Data for review below:

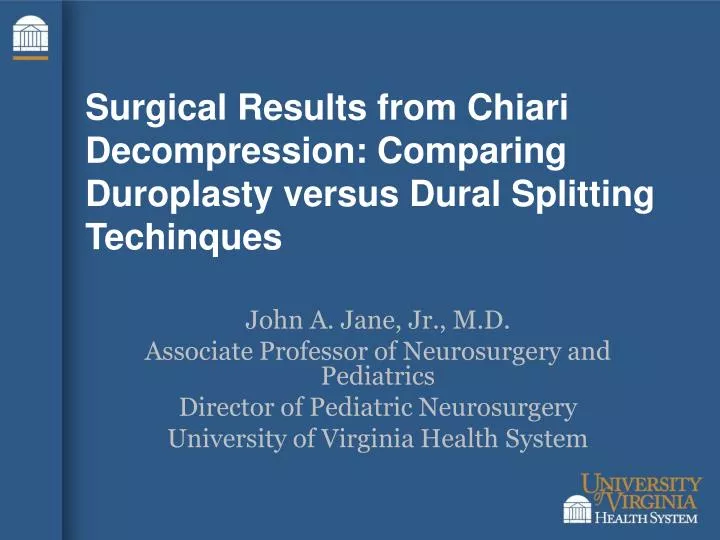 surgical results from chiari decompression comparing duroplasty versus dural splitting techinques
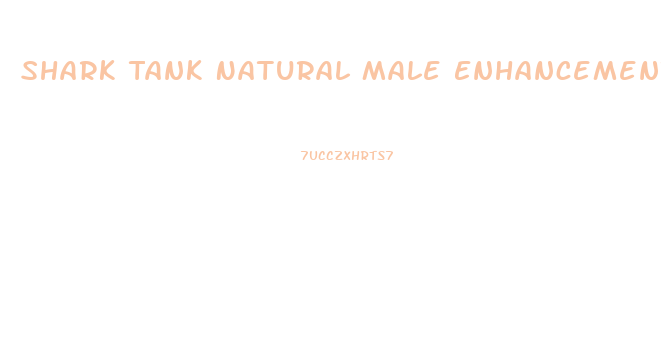 Shark Tank Natural Male Enhancement Pills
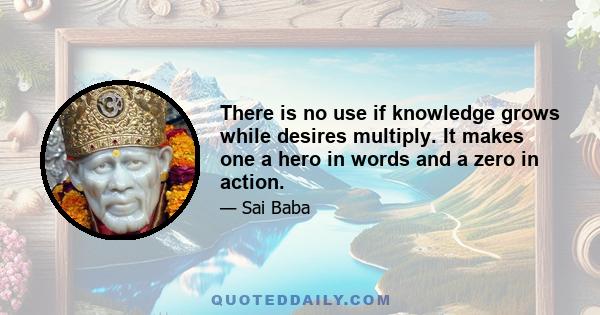 There is no use if knowledge grows while desires multiply. It makes one a hero in words and a zero in action.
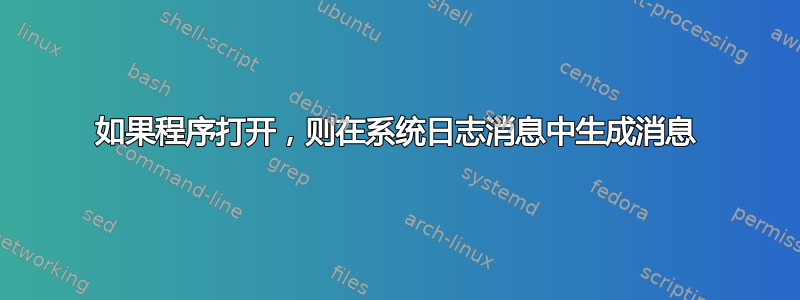 如果程序打开，则在系统日志消息中生成消息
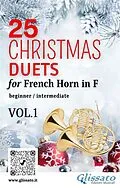 E-Book (epub) 25 Christmas Duets for French Horn in F - VOL.1 von Amadeus Wolfgang Mozart, Alfonso Maria De Liguori, Johannes Brahms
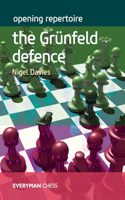 Opening Repertoire: The Grünfeld Defence: The Grünfeld Defence(Opening Repertoire)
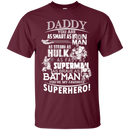 I love daddy T-shirts CustomCat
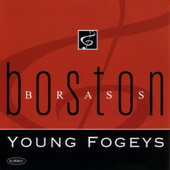 Young Fogeys, Boston Brass
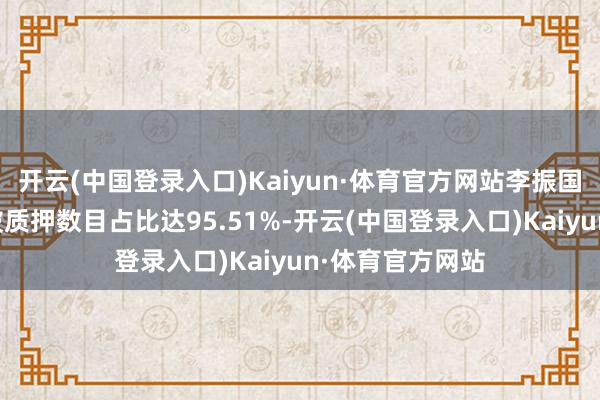 开云(中国登录入口)Kaiyun·体育官方网站李振国所执股份累计被质押数目占比达95.51%-开云(中国登录入口)Kaiyun·体育官方网站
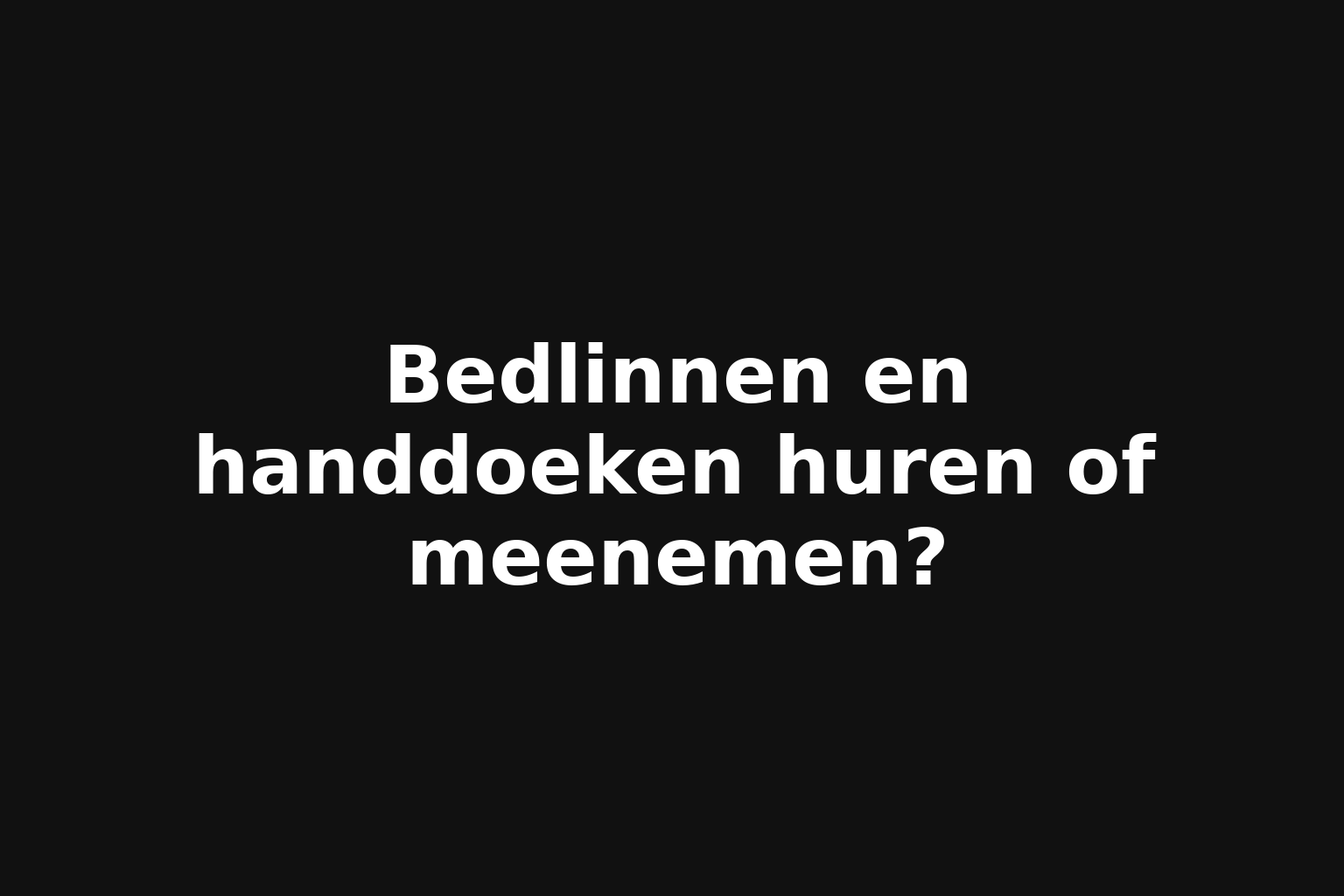 Bedlinnen en handdoeken huren of meenemen?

End of Data for review.

**Exercise brief**
In the copy, include exactly the lines from the one with "Opening Repertoire: The" through the final line of the data, both ends included, and no pictures.

**Response below**
 Opening Repertoire: The Grünfeld Defence: The Grünfeld Defence(Opening Repertoire)
 I love daddy T-shirts CustomCat
 Young Fogeys, Boston Brass
 开云(中国登录入口)Kaiyun·体育官方网站李振国所执股份累计被质押数目占比达95.51%-开云(中国登录入口)Kaiyun·体育官方网站
 Bedlinnen en handdoeken huren of meenemen?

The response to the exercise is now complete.